Tuesday, June 4, 2019

Louis, 2010-2019



























Our beloved dog Louis died at home in Garrison on June 4, 2019 after a short illness. He spent his last days with Caroline watching the fish in lake Celeste and at the waterfall on Indian Brook Road, the two places he liked best since he was a puppy. He gave us nine years of untold love and fun.
 

Friday, April 26, 2019

Girl in a gray hoodie

Two women in their early forties in Newburgh NY got together after being married to men and having children. This girl is one of the women's daughters. I know nothing more about her which is something I have never minded about photographs I take. Knowing details of the subject's life does not change the quality of the photograph. One's appetite for gossip may be satisfied but that is another thing.    

Wednesday, March 13, 2019

John Richardson, raconteur

John Richardson, friend and biographer of Picasso, died recently at the age of 95. I took this photograph of him at his house in New Milford, Connecticut in 2008. As we drove up, he was there to greet us, dressed in an over large white undershirt. He showed us the house and library and I found several places I wanted to photograph him. "I'd better go in and change." he said.
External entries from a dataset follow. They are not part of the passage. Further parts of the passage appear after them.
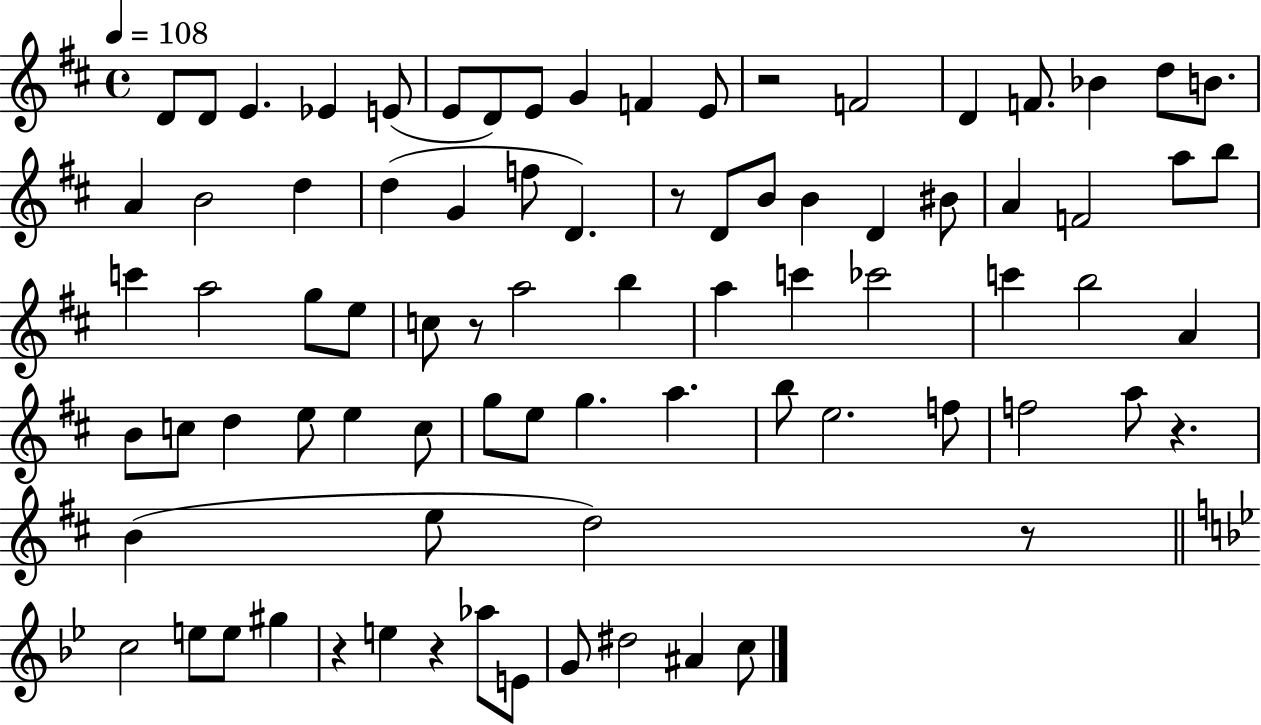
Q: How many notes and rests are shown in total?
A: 82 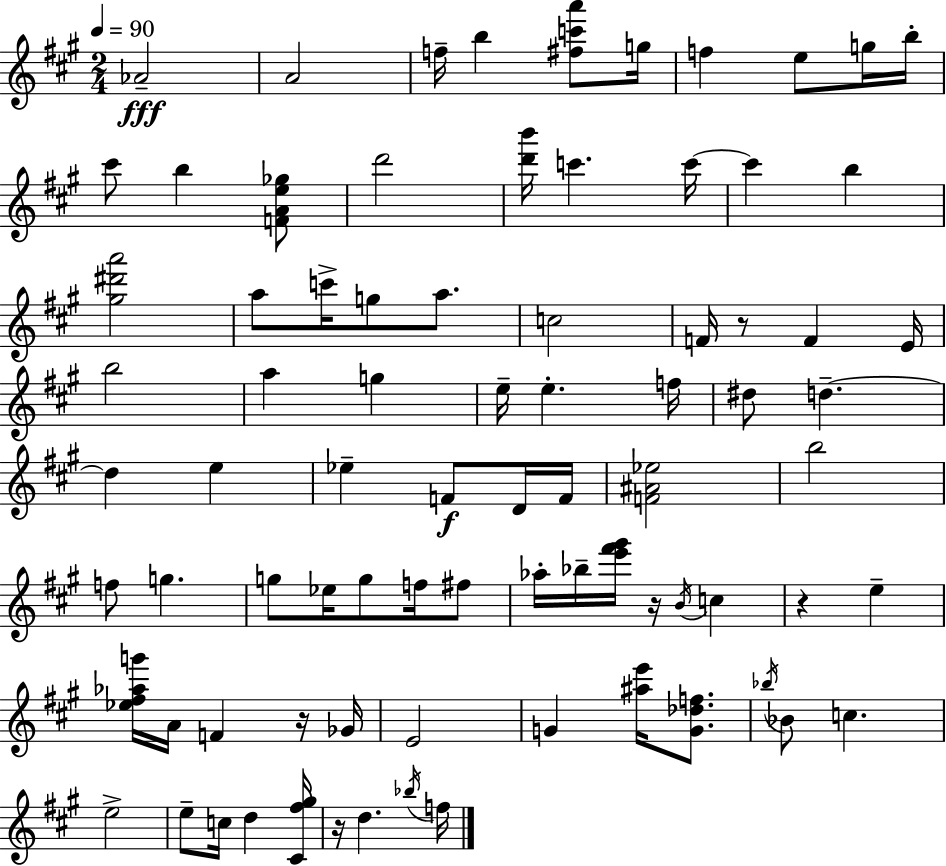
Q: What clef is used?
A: treble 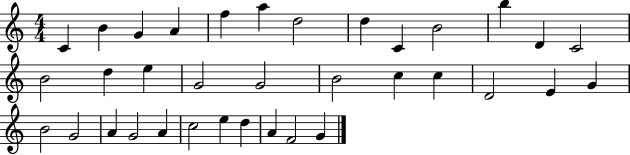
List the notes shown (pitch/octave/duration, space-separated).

C4/q B4/q G4/q A4/q F5/q A5/q D5/h D5/q C4/q B4/h B5/q D4/q C4/h B4/h D5/q E5/q G4/h G4/h B4/h C5/q C5/q D4/h E4/q G4/q B4/h G4/h A4/q G4/h A4/q C5/h E5/q D5/q A4/q F4/h G4/q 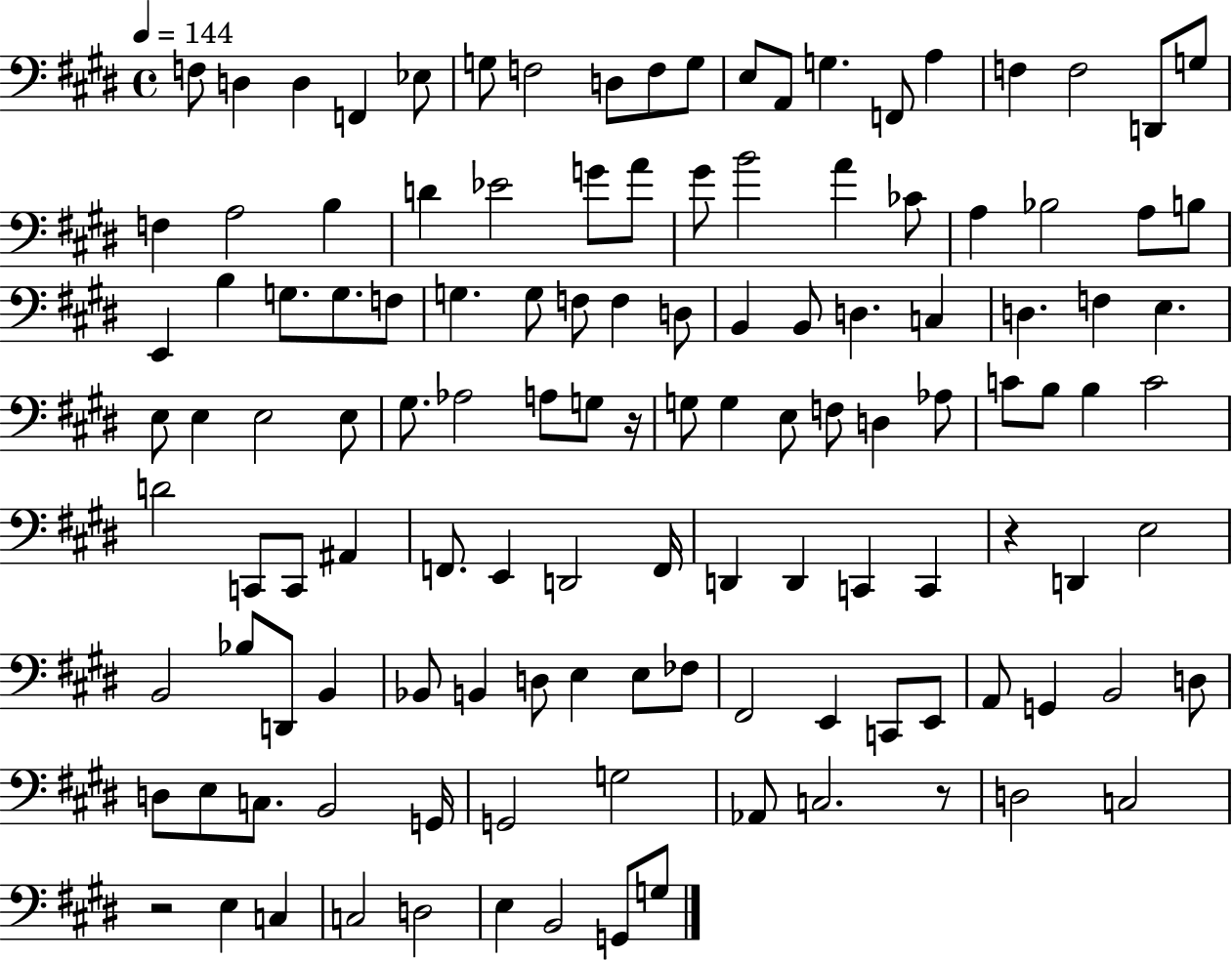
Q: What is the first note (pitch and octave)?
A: F3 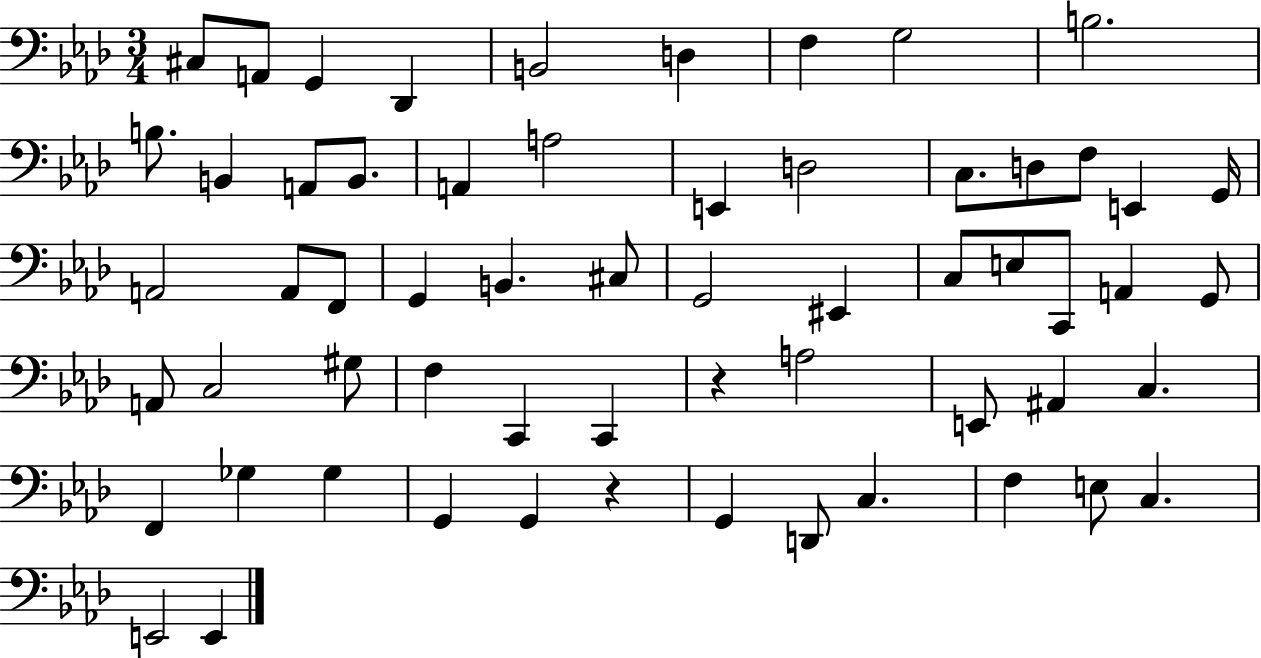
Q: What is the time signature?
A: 3/4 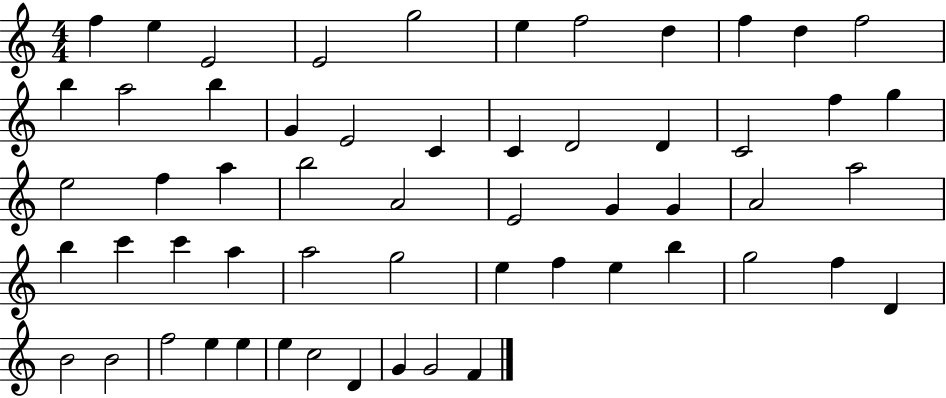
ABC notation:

X:1
T:Untitled
M:4/4
L:1/4
K:C
f e E2 E2 g2 e f2 d f d f2 b a2 b G E2 C C D2 D C2 f g e2 f a b2 A2 E2 G G A2 a2 b c' c' a a2 g2 e f e b g2 f D B2 B2 f2 e e e c2 D G G2 F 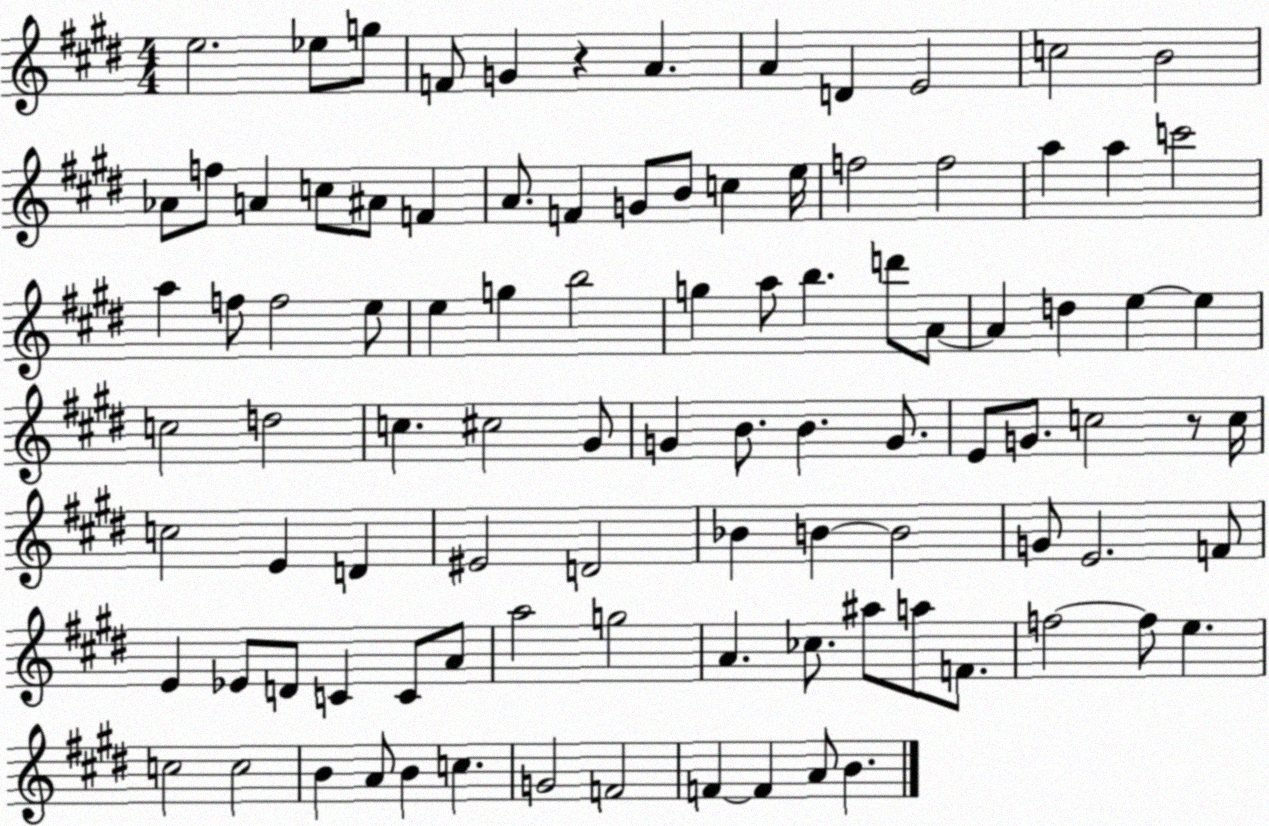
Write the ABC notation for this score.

X:1
T:Untitled
M:4/4
L:1/4
K:E
e2 _e/2 g/2 F/2 G z A A D E2 c2 B2 _A/2 f/2 A c/2 ^A/2 F A/2 F G/2 B/2 c e/4 f2 f2 a a c'2 a f/2 f2 e/2 e g b2 g a/2 b d'/2 A/2 A d e e c2 d2 c ^c2 ^G/2 G B/2 B G/2 E/2 G/2 c2 z/2 c/4 c2 E D ^E2 D2 _B B B2 G/2 E2 F/2 E _E/2 D/2 C C/2 A/2 a2 g2 A _c/2 ^a/2 a/2 F/2 f2 f/2 e c2 c2 B A/2 B c G2 F2 F F A/2 B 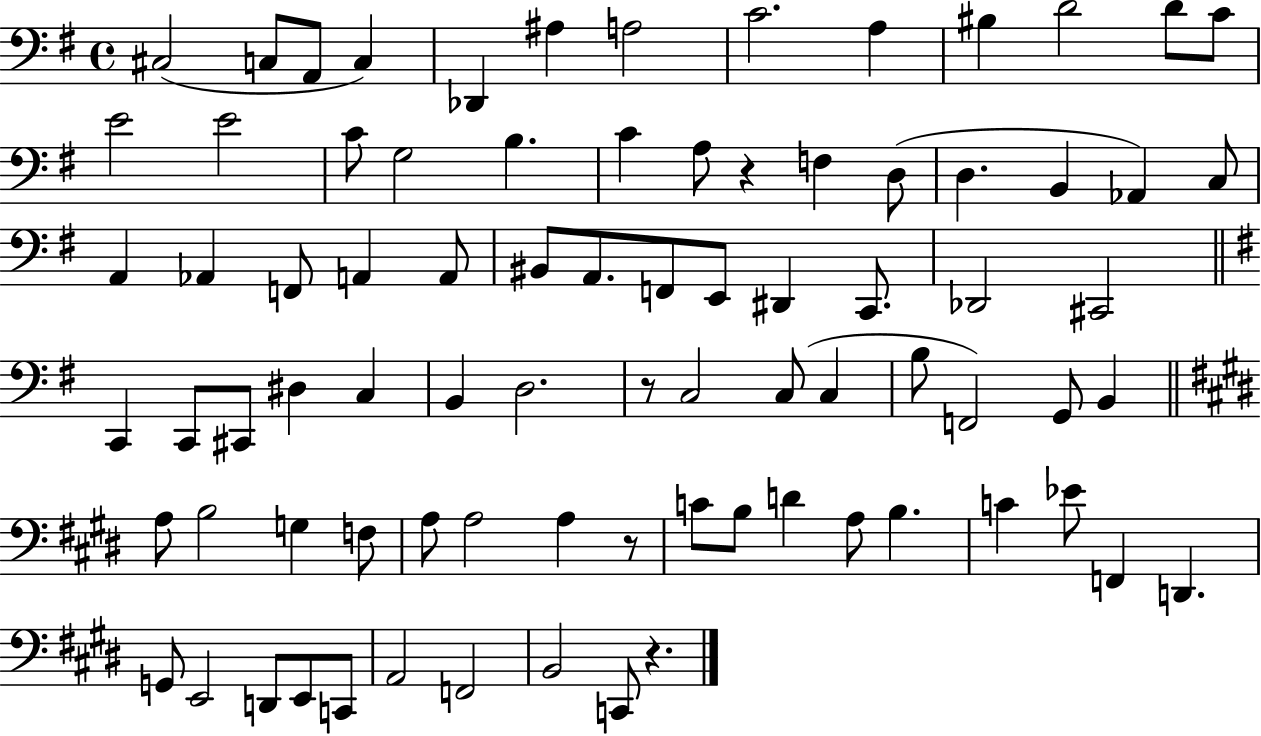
X:1
T:Untitled
M:4/4
L:1/4
K:G
^C,2 C,/2 A,,/2 C, _D,, ^A, A,2 C2 A, ^B, D2 D/2 C/2 E2 E2 C/2 G,2 B, C A,/2 z F, D,/2 D, B,, _A,, C,/2 A,, _A,, F,,/2 A,, A,,/2 ^B,,/2 A,,/2 F,,/2 E,,/2 ^D,, C,,/2 _D,,2 ^C,,2 C,, C,,/2 ^C,,/2 ^D, C, B,, D,2 z/2 C,2 C,/2 C, B,/2 F,,2 G,,/2 B,, A,/2 B,2 G, F,/2 A,/2 A,2 A, z/2 C/2 B,/2 D A,/2 B, C _E/2 F,, D,, G,,/2 E,,2 D,,/2 E,,/2 C,,/2 A,,2 F,,2 B,,2 C,,/2 z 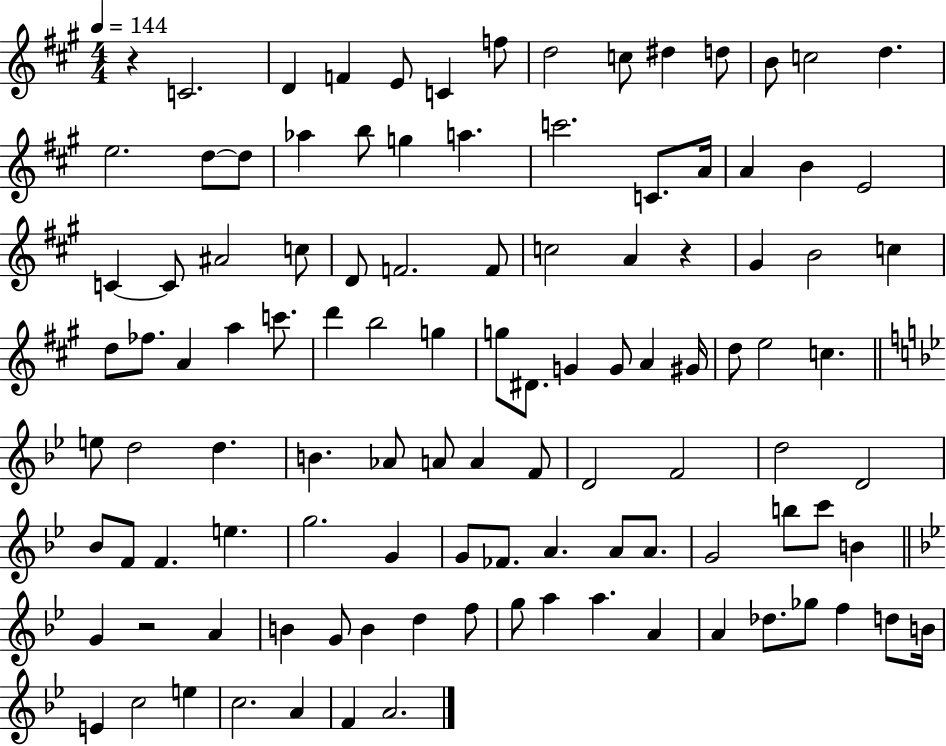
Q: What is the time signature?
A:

After we finished with the photography he produced excellent Argentinian chardonnay and tinned guacamole, also very good. We sat in his lovely garden enjoying one of his many and great gifts, that of a raconteur.

Saturday, March 2, 2019

Ian Kingsley and his crew arrived precisely at the appointed hour one frosty morning to cut down a Norway spruce which, as legend has it, was planted 50 or so years ago as a six foot Christmas tree which grew to a 75 foot giant whose roots destroyed the clay drainage pipes of the house.

First they fixed ropes that would guide the tree in the direction they wanted it to fall. I was nervous to ask if I could take some pictures as distracting a man half way up a 75 foot tree could lead to a serious accident, I thought.

When they were all safely on the ground and Ian, on the right in the photograph, had his saw out and was beginning his cut. I was standing on the drive, 180° from the intended direction of the fall.

"Am I all right standing here?" I asked

"Something very serious will have gone wrong if you're not."

He continued with his cut, gave the tree a little shove and down it crashed, exactly where they planned it.

  


Tuesday, January 8, 2019

 Happy New Year to all. A Japanese anemone with rue, lady's mantle, Artemisia and bronze fennel.
Betsy and Marshall took us to dinner at the Riverview in Cold Spring, a place that has been unfailingly good for the almost 30 years we have known it. Betsy's son Aden and his friend Jordan were also there. I was immediately struck by their looks and a few days later photographed them. They took seriously my interest in them as a subject. They were patient, phone-less and tireless.